If your hook needs setup or teardown (e.g. opening a file), add `__enter__` and
`__exit__`:

```python
from nvalchemi.dynamics.base import DynamicsStage
from nvalchemi.hooks import HookContext

class FileWriterHook:
    stage = DynamicsStage.AFTER_STEP
    frequency = 10

    def __init__(self, path):
        self.path = path
        self._file = None

    def __enter__(self):
        self._file = open(self.path, "w")
        return self

    def __call__(self, ctx: HookContext, stage: DynamicsStage) -> None:
        energy = ctx.batch.energy.mean().item()
        self._file.write(f"{ctx.step_count},{energy}\n")

    def __exit__(self, *exc):
        if self._file is not None:
            self._file.close()
```

## Composing hooks

Hooks are independent and composable.
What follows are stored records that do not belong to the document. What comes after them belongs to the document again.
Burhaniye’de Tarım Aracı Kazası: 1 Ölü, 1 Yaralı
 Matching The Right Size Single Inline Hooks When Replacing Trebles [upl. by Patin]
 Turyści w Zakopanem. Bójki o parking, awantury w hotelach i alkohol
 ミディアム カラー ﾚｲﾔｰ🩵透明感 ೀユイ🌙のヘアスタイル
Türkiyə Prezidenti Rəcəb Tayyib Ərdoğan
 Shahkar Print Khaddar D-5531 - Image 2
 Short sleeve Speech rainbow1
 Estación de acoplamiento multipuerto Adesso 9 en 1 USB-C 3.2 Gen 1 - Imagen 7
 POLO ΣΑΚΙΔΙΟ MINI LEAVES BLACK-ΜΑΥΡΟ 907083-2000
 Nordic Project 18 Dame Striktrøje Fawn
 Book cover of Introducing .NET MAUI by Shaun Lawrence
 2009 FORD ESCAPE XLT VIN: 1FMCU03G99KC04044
A typical production setup combines
convergence, logging, and trajectory recording:

```python
from nvalchemi.dynamics import FIRE, ConvergenceHook
from nvalchemi.dynamics.hooks import (
    ConvergedSnapshotHook,
    LoggingHook,
    SnapshotHook,
)
from nvalchemi.dynamics.sinks import ZarrData

with FIRE(
    model=model,
    dt=0.1,
    n_steps=500,
    hooks=[
        ConvergenceHook.from_fmax(0.05),
        LoggingHook(backend="csv", log_path="hooks.csv", frequency=10),
        SnapshotHook(sink=ZarrData("/tmp/traj.zarr"), frequency=50),
        ConvergedSnapshotHook(sink=ZarrData("/tmp/relaxed.zarr")),
    ],
) as opt:
    relaxed = opt.run(batch)
```

## See also

- **Dynamics overview**: The [execution loop](dynamics_guide) shows where hooks fire
  in the step sequence.
- **Data sinks**: The [Sinks guide](dynamics_sinks_guide) covers the storage backends
  used by snapshot hooks.
- **API**: {py:mod}`nvalchemi.hooks` for the core hook protocol, context, and registry.
- **API**: {py:mod}`nvalchemi.dynamics` for dynamics-specific hooks and stages.